Furthermore, although TGF-β plays a central role in the establishment of tumor-associated immunosuppression, a combination of one or more ICI protocols is required to fully exploit the clinical potential
of TGF-β inhibitors.
In this case, the order of treatment may be a key determinant of
success.
In fact, by supporting matrix metal peptidase 9 (MMP9)-driven PD-L1 lysis, pre-TGF-β inhibition appears to promote resistance
to PD1 blockers at least to some extent.
Conversely, once PD-1 resistance is acquired, the administration of TGF-β inhibitors produces a powerful therapeutic effect
.

other

The list of targeted anticancer drugs that are approved or are being developed is growing, including the relatively selective ALK receptor tyrosine kinase (ALK); AXL receptor tyrosine kinase (AXL); Bruton tyrosine kinase (BTK); zeste homologous 2 enhancer (EZH2); Histone deacetylase (HDAC); Isocitrate dehydrogenase 1 (IDH1); Janus kinase 1 (JAK1); MET protooncogene, receptor tyrosine kinase (MET); RET protooncogene (RET); ROS proto-oncogene 1, receptor tyrosine kinase (ROS1); Smooth curl receptors (SMO) and exportin 1 (XPO1) inhibitors; Monoclonal antibodies specific to CD20, CD22, CD33, CD52, CD58; IL2 receptor sub α (CD25); IL3 receptor sub α (IL3RA); Tumor-associated calcium signal transducer 2 (TROP2); and multi-target TKIs
.
Interestingly, most of these clinically used drugs mediate at least some degree of immunomodulation, providing a theoretical basis
for the design of combination regimens involving ICIs.

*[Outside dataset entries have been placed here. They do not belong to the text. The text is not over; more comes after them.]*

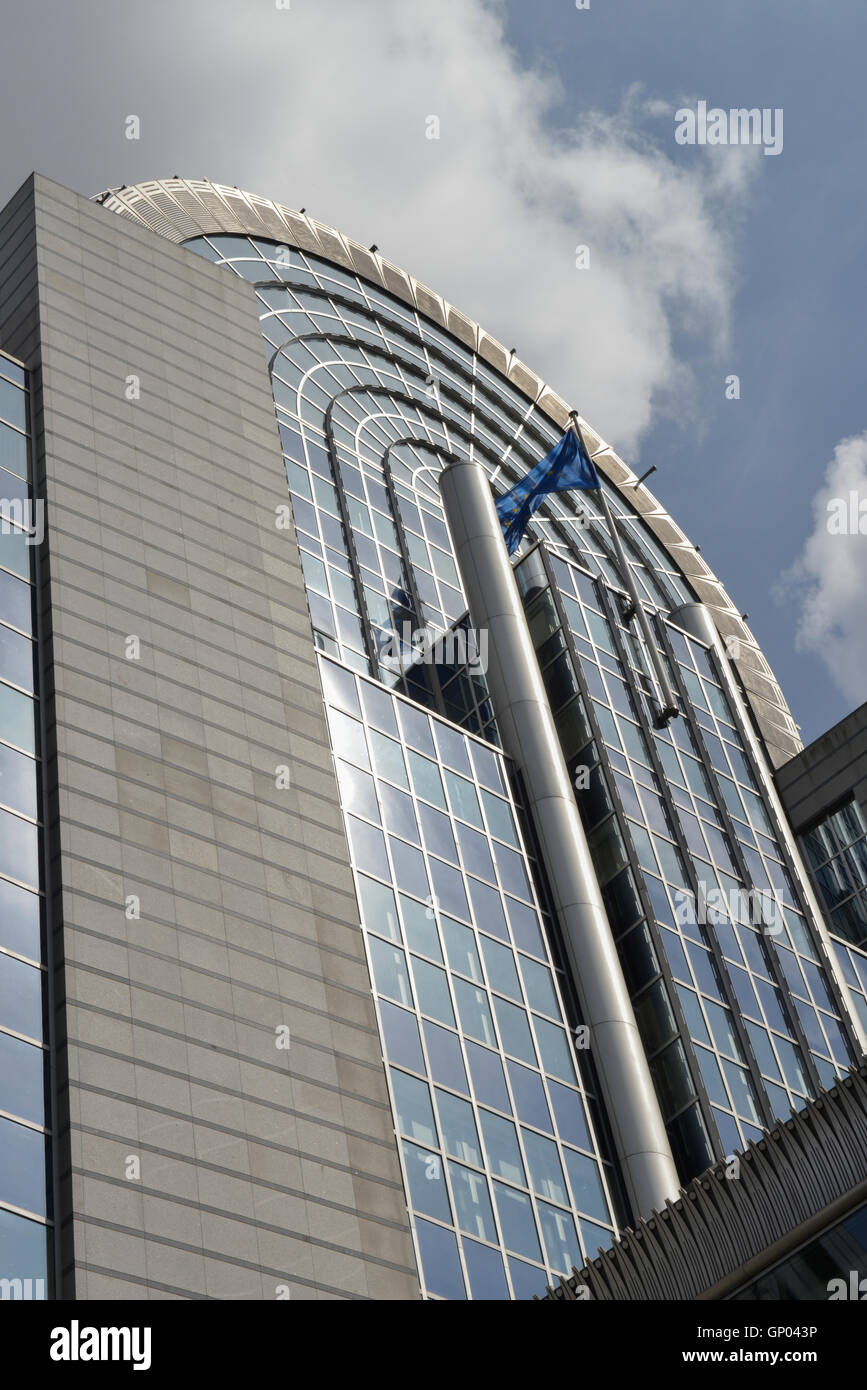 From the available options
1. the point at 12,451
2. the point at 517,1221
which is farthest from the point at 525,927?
the point at 12,451

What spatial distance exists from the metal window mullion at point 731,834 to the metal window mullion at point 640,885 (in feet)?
9.69

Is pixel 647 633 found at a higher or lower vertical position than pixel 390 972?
higher

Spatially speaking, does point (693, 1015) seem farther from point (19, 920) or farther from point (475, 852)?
point (19, 920)

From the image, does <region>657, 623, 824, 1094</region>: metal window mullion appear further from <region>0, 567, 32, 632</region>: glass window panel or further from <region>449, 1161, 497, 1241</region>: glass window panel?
<region>0, 567, 32, 632</region>: glass window panel

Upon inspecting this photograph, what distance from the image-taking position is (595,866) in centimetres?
4181

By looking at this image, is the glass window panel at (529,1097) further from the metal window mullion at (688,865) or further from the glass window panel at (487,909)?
the metal window mullion at (688,865)

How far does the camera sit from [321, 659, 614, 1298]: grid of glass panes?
29562 mm

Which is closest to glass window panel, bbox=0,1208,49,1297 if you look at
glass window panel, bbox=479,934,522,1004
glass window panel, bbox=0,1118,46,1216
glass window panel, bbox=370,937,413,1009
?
glass window panel, bbox=0,1118,46,1216

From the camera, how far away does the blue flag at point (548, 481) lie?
160ft

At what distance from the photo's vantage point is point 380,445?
169 feet

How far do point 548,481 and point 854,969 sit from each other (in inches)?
690

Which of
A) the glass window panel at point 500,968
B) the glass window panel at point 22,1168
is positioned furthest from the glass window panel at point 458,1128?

Outlook and outstanding issues

Targeted anticancer drugs mediate powerful immunomodulatory effects, and they either favor a positive immune response or counteract negative immunosuppressive pathways, so the combination of targeted anticancer drugs with ICIs and other immunotherapy strategies shows promising applications
.
However, the biological basis of research on immunomodulation of targeted antitumor drugs is just beginning, and there are still some problems to be solved
in this regard.

First, what is the actual specificity of these drugs for their molecular targets? Imatinib was designed to target the kinase domain of ABL1 to inhibit constitutive signaling in the BCR-ABL1 chimera, and it was found that it inhibited a variety of clinically relevant kinases
.
Along a similar lines, abemaciclib is thought to inhibit CDK4/CDK6, but has been shown to target other CDKs as well as CDK-independent kinases
.
Thus, although in some cases immunomodulation targeting antitumor therapies is clearly derived from targeted effects, in many other cases it stems from alternative (often featureless) other participating molecules
.
Especially when immune cells are directly involved, it is urgent to identify these alternative targets
.

Second, what is the exact molecular mechanism at work when immunomodulation actually stems from the inhibition of expected molecular targets in malignant cells? There are no specifically designed targeted anticancer drugs to mediate immunomodulatory effects, which means that the various proteins that support tumorigenesis also affect the ability of tumor cells to
transmit immunostimuli or immunosuppressive signals.
For example, active CDK4/CDK6 signaling limits DNMT1's ability to drive the expression of endogenous retroviral elements, which would otherwise promote type III IFN secretion, a pathway that can function
through clinically used CDK4/CDK6 inhibitors.
Accurately identifying similar pathways induced by targeted anticancer drugs will provide a variety of additional targets that can be used to enhance a clinically meaningful tumor-specific immune response
.
This is especially important when the immunomodulatory activity of a drug is multifunctional and involves beneficial and harmful effects that can be exploited
differently by targeting downstream signal transducers.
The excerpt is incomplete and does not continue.